___ DATASET RECORDS

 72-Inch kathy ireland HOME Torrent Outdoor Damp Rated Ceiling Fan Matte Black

______
___ DATASET RECORDS

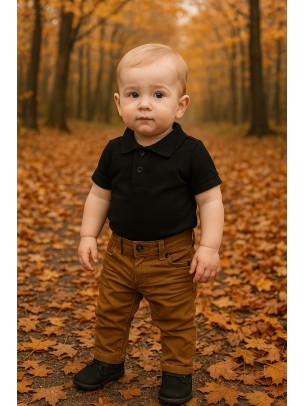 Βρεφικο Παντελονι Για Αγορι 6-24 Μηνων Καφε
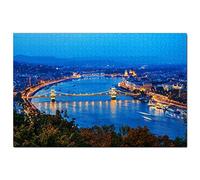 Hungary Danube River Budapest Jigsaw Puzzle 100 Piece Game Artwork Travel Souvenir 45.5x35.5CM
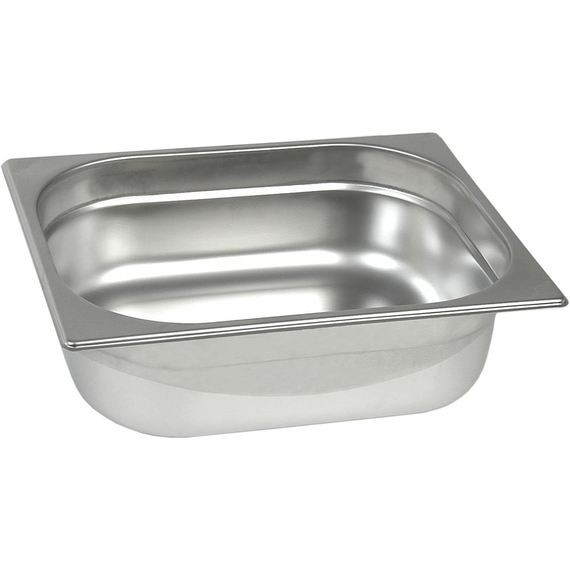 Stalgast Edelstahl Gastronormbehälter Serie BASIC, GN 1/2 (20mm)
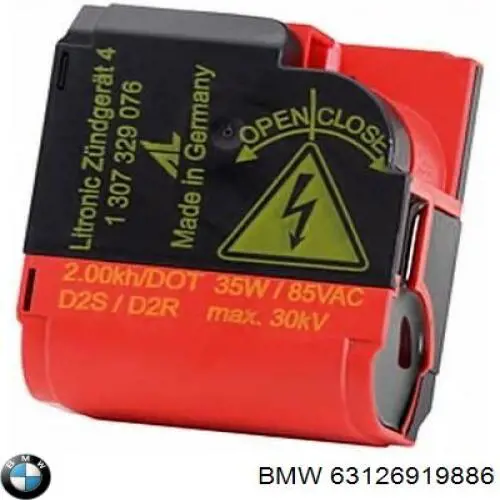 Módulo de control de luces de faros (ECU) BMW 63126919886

______

### PROBLEM DESCRIPTION
Reproduce word for word, with pictures dropped, only the part of the material above that opens with the line containing "Βρεφικο Παντελονι Για Αγορι 6-24 Μηνων Καφε" and closes with the line containing "Módulo de control".

### YOUR SOLUTION
 Βρεφικο Παντελονι Για Αγορι 6-24 Μηνων Καφε
 Hungary Danube River Budapest Jigsaw Puzzle 100 Piece Game Artwork Travel Souvenir 45.5x35.5CM
 Stalgast Edelstahl Gastronormbehälter Serie BASIC, GN 1/2 (20mm)
 Módulo de control de luces de faros (ECU) BMW 63126919886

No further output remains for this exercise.